Problem statement: Return only the lines from the top of the material through the line marked by "shrek ripped emoji", unaltered.

Stored data:
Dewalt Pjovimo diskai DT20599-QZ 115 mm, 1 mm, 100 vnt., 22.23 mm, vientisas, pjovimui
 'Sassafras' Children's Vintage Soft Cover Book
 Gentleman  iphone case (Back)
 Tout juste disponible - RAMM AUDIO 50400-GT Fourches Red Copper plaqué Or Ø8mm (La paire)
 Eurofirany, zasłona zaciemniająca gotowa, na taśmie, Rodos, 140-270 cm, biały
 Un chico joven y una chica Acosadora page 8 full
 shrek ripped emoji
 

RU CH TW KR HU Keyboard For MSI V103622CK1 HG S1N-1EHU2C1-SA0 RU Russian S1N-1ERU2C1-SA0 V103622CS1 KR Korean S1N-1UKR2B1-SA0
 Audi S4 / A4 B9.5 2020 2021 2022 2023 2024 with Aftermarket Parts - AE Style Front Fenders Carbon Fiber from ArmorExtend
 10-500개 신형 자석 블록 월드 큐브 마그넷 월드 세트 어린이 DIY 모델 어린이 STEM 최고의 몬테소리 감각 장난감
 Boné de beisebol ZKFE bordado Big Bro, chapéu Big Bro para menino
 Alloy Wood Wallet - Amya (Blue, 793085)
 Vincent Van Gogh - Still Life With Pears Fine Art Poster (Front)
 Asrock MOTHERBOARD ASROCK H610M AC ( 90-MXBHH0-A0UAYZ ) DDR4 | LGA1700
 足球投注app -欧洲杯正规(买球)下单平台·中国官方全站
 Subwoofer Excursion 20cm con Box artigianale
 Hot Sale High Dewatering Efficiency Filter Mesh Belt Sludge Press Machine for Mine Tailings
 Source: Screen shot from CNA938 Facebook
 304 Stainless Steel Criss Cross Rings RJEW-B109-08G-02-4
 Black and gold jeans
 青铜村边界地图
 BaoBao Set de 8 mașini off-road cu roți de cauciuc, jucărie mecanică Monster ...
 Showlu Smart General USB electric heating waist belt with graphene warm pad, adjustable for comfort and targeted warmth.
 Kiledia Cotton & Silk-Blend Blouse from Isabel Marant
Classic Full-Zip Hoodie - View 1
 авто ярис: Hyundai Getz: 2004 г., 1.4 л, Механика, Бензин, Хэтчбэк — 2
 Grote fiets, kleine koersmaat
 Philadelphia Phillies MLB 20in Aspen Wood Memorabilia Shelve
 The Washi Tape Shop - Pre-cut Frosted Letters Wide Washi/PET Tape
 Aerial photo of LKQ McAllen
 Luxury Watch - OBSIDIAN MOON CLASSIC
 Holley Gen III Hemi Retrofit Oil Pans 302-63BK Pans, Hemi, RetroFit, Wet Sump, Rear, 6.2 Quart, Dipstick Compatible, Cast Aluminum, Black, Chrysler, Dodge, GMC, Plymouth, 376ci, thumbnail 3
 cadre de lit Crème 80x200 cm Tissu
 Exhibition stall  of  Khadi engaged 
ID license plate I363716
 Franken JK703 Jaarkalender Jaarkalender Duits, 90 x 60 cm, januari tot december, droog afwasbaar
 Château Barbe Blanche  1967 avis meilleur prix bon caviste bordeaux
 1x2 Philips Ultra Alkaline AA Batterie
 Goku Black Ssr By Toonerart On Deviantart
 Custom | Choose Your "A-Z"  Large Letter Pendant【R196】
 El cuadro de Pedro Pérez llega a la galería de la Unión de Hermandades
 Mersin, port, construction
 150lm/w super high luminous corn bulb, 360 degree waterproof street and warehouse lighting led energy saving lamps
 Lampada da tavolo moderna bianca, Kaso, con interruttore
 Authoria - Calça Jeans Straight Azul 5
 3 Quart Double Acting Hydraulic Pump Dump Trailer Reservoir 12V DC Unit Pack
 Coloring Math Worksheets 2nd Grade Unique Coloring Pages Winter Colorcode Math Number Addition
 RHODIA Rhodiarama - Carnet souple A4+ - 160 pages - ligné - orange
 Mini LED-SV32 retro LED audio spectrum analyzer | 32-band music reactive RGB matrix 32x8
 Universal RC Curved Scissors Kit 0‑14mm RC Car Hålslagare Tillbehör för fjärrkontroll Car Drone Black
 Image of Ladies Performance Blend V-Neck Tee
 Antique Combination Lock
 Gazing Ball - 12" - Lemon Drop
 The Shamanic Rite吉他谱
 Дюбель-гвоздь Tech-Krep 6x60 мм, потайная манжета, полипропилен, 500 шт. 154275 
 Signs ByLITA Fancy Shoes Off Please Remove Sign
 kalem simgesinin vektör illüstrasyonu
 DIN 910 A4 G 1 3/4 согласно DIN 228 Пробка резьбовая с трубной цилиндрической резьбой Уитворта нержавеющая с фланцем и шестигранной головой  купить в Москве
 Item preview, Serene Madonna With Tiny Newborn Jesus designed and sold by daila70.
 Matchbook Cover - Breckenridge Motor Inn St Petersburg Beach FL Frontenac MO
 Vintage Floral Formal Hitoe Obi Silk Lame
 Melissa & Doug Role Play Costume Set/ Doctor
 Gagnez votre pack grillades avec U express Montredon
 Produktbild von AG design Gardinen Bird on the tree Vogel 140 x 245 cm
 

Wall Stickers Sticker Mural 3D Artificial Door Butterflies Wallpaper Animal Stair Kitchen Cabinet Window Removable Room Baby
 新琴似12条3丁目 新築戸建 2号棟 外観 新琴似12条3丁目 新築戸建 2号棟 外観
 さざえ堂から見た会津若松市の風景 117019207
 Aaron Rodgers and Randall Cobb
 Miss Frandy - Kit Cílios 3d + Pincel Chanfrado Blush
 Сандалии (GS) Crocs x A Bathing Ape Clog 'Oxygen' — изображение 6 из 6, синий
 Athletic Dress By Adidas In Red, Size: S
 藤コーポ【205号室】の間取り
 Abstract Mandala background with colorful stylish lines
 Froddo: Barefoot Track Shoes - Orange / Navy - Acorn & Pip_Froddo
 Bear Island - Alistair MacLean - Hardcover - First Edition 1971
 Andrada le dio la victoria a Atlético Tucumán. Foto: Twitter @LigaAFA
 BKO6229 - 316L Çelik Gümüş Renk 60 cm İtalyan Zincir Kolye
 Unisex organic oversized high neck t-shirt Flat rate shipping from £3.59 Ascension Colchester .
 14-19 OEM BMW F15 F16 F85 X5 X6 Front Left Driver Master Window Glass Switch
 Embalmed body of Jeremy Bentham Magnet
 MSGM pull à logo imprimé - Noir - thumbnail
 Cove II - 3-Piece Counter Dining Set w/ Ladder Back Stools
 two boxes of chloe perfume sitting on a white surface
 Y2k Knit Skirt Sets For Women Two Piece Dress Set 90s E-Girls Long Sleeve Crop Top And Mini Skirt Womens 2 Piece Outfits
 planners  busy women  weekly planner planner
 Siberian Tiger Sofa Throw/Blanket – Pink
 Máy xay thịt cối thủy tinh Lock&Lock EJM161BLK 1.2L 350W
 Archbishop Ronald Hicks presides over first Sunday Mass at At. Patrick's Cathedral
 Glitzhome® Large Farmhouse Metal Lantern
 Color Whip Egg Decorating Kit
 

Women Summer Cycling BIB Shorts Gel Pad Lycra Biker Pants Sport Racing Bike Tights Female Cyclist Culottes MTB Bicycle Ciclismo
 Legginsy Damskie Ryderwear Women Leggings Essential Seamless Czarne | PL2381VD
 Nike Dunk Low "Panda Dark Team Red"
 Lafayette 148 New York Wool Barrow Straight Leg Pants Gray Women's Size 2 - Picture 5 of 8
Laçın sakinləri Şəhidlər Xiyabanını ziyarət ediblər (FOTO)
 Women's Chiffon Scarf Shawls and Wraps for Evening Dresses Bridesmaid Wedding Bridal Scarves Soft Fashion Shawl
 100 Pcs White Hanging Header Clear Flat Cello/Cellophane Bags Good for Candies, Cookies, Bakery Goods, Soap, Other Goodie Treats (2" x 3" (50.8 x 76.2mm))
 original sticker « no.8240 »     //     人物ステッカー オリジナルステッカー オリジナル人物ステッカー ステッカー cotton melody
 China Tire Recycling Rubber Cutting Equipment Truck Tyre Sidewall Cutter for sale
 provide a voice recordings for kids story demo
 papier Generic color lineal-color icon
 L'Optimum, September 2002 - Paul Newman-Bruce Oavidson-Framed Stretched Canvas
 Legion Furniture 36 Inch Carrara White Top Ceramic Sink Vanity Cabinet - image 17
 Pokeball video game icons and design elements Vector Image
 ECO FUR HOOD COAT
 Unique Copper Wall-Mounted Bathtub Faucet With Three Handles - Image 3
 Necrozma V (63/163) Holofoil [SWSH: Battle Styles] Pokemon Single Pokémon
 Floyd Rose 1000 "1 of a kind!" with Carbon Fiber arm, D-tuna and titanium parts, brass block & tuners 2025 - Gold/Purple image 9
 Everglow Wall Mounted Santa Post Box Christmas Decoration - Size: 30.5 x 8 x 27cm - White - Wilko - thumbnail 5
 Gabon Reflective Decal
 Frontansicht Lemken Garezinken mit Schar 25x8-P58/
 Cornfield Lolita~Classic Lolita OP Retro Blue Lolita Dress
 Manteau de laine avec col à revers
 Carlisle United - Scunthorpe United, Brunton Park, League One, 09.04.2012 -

Solution for this exercise:
Dewalt Pjovimo diskai DT20599-QZ 115 mm, 1 mm, 100 vnt., 22.23 mm, vientisas, pjovimui
 'Sassafras' Children's Vintage Soft Cover Book
 Gentleman  iphone case (Back)
 Tout juste disponible - RAMM AUDIO 50400-GT Fourches Red Copper plaqué Or Ø8mm (La paire)
 Eurofirany, zasłona zaciemniająca gotowa, na taśmie, Rodos, 140-270 cm, biały
 Un chico joven y una chica Acosadora page 8 full
 shrek ripped emoji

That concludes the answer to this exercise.